Citric acid activates the acid-sensing ion channel 1 (ASIC1), while neutral citrate does not. The latter chelates calcium ions that act as inhibitors to the ASIC1 [151]. Citric acid also acts on TDAG8 coupled with TRPV1 to induce itching-like behavior in mice [152]. In general, protons are the major culprits involved in injection pain. Injection pain is unpleasant and may contribute to patient non-compliance, leading patients to skip doses or stop therapy altogether, with detrimental effects on their therapeutic outcomes. To avoid injection pain, clinicians add a small amount of bicarbonate into the injection just before administration. Also, eliminating citrates from the formulation may avoid injection pain. However, since citric acid chelates extracellular Ca2+ that normally inhibits ASIC1, adding inhibitors of ASIC1 or adding supplemental Ca2+ may also help in avoiding injection pain, without the need to eliminate citrates from the formulation [151]. Better understanding the mechanism of pain caused by citric acid will have important positive therapeutic implications.

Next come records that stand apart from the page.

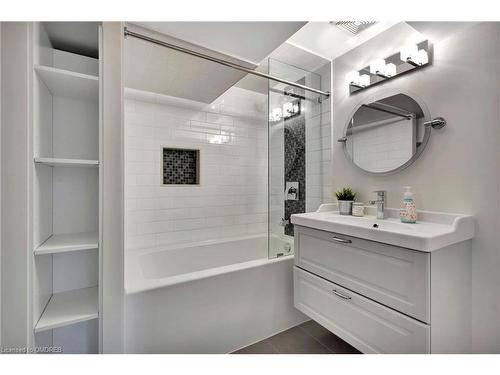 161 Allenby Avenue, Hamilton, ON - Indoor Photo Showing Bathroom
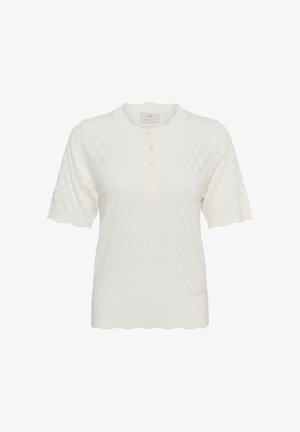 Haut blanc en maille à manches courtes avec motif losange, col rond et cinq boutons sur la patte de boutonnage devant.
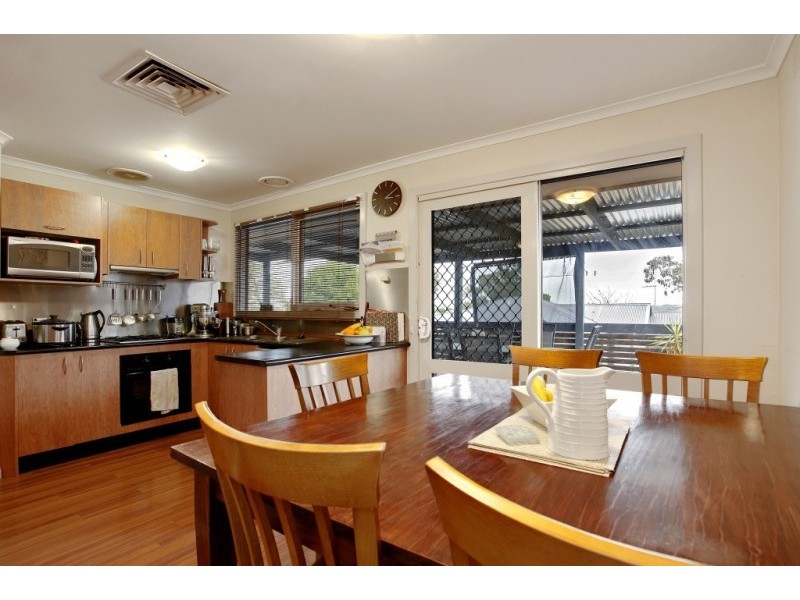 31 Sugarloaf Drive, Chirnside Park VIC 3116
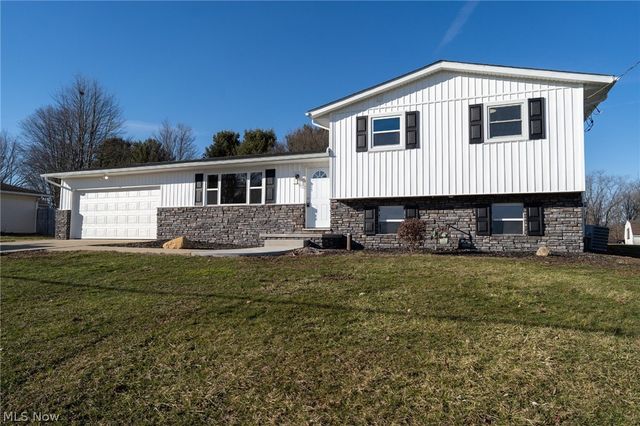 3359 Nimishillen Church Road NE, Hartville, OH 44632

Humidity plays an important role in formulation. Crystalline solids at certain relative humidity (RH) turn to solution or deliquesce [155,156]. When RH rises and falls it will cause deliquescence and efflorescence (crystallization), respectively, leading to instabilities. Anhydrous crystalline citric acid at 25 °C and 75% RH turns from solid to solution, deliquescence, whereas citric acid monohydrate is more resistant to humidity and it deliquesces at a higher RH, 78%, at the same temperature [155]. Blends of citric acid with deliquescent solid components result in a lower deliquescent point than deliquescent points of the individual components. For example, the deliquescent points of sucrose and citric acid are 85% and 75% RH, respectively at 25 °C [157], whereas, at the same temperature blends of sucrose and citric acid, have a lower deliquescent point, 64% RH. This may result in chemical (i.e., sucrose inversion) and physical (i.e., caking) instabilities [158].

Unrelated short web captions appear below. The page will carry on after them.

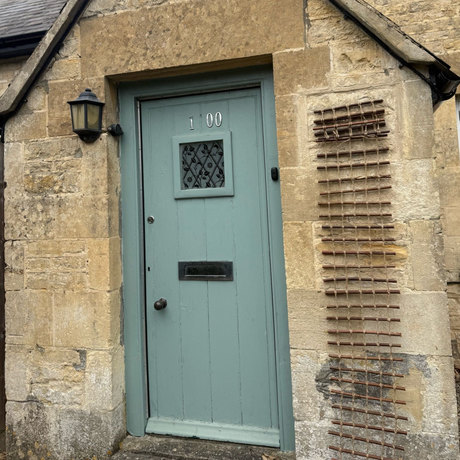 string trellise for climbing plants by front door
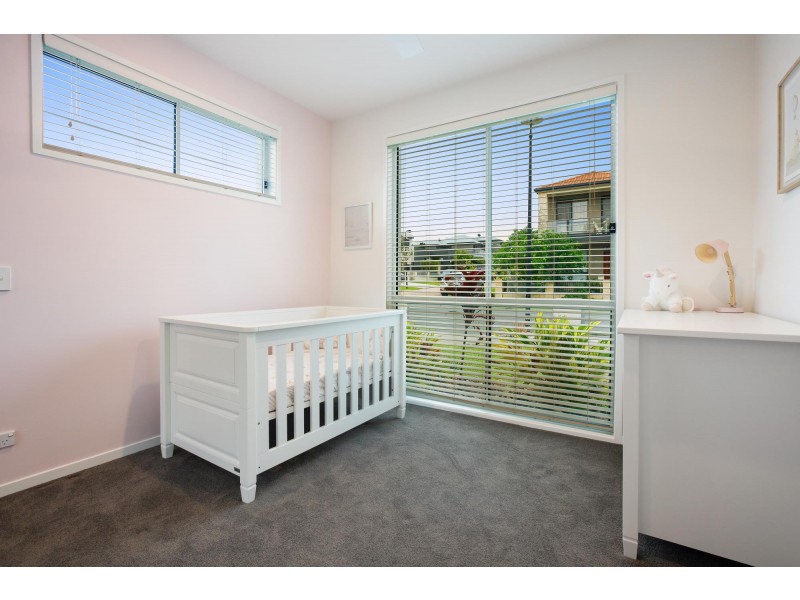 22 Meridien Avenue, Varsity Lakes QLD 4227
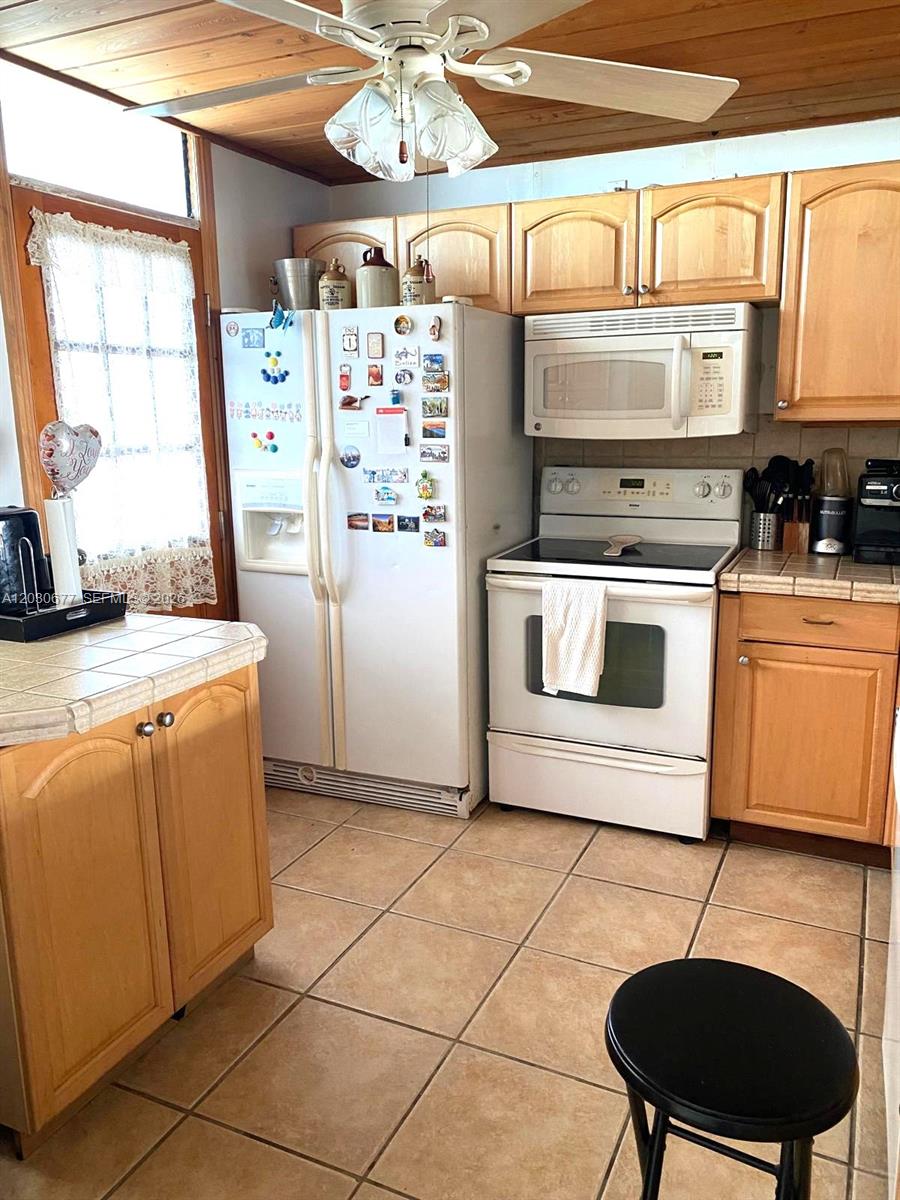 CORAL ISLE WEST CONDO - Residential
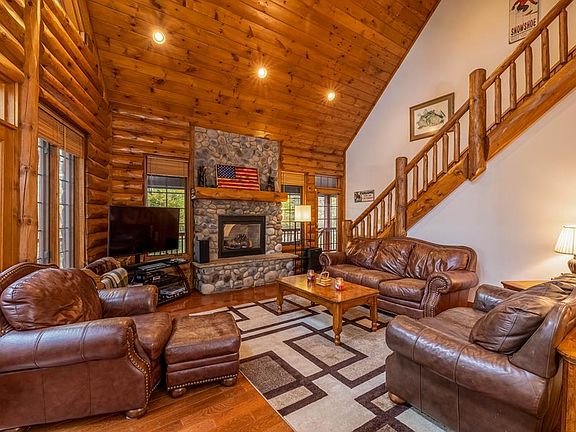 5th image of 58 Upper Hillside Ln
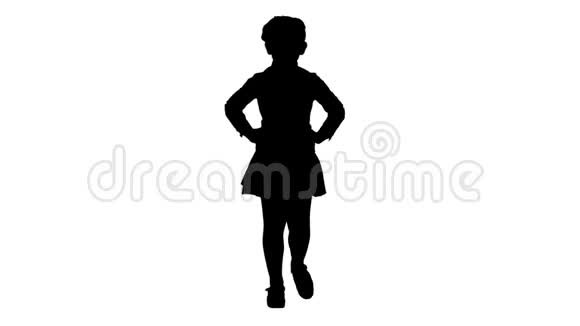 小可爱的小女孩走路双手放在臀部视频的预览图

In the case of co-crystals, when the relative humidity is high enough, 98% RH at RT, citric acid, a highly soluble co-former, predisposes the co-crystal to convert between anhydrous and hydrated forms, to deliquesce, or to dissociate, in which case the individual components form hydrates [124]. This was the case with theophylline–citric acid where the anhydrous co-crystal was converted to hydrate, as well as with caffeine–citric acid co-crystals where the co-crystal deliquesced and formed a caffeine hydrate, at 98% RH [124,135,139]. Furthermore, impurities at trace level or other excipients such as fructose and xylitol in this type of co-crystal decrease the deliquescent point and affect its stability [139,159].

4. Conclusions

Citric acid is an important excipient in many types of pharmaceutical formulations. Its three carboxylic groups and one hydroxyl group provide the functionality and versatility required for its many applications. In this review, we have discussed the fundamental strategies that take advantage of its functionality and have summarized its uses in pharmaceutical formulations. The presence of citric acid in formulations solves many problems but also causes some challenges. Understanding the physicochemical interactions of citric acid with the active pharmaceutical ingredients and other excipients in formulations will promote rational formulation design and effective therapeutics.